Fishing organization tells members to avoid Russian waters
Fiskebåt, the organization, on Monday told its members that caused by the tense situation following Russia’s invasion of Ukraine, it would be recommended to avoid fishing in the Russian economic zone until further notice.
“Our thoughts go first and foremost to those who live in Ukraine, but at the same time we must continuously consider what consequences this situation will have for the activity of our members,” says Audun Maråk, CEO in Fiskebåt.
Norway and Russia share the fish resources in the Barents Sea and agree on annual quotas for the different spices, like cod, herring, halibut and others. This means that Norwegian vessels can fish in Russia’s exclusive economic zone visa versa. Catch quotas in the Barents Sea have since 1977 been set by the Joint Norwegian–Russian Fisheries Commission.
“In our view, there is an increased risk that Norwegian vessels may encounter problems when fishing in the Russian zone,” says Audun Meråk.

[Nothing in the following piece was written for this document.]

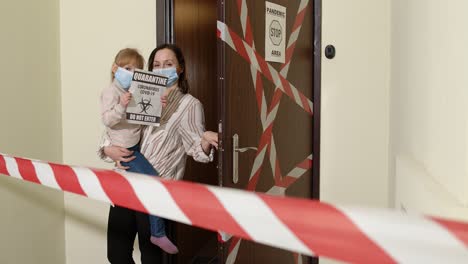 madre enferma con hija pequeña en máscaras médicas abriendo la puerta de la casa, cuarentena de coronavirus bloqueo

It may be more difficult for the foreign ministry now to help than previously, he adds.
Right now, there are no Norwegian fishing vessels in the Russian zone, as most of the Barents Sea over the past few weeks has been closed due to massive military maneuvers and shootings by the powerful Northern Fleet.
Led by President Putin, the nuclear deterrence forces were exercising earlier in February. The warning zone included a large area in Norway’s exclusive economic zone from where the Russian navy for the first time ever launched a Tsirkon hypersonic cruise missile.
On Saturday, Putin ordered his top military brasses to put the strategic nuclear weapons on alert. The navy leg of Russia’s nuclear triad is the ballistic missile submarines that sai out from the Kola Peninsula on combat patrol in the eastern Barents Sea and under the Arctic ice cap.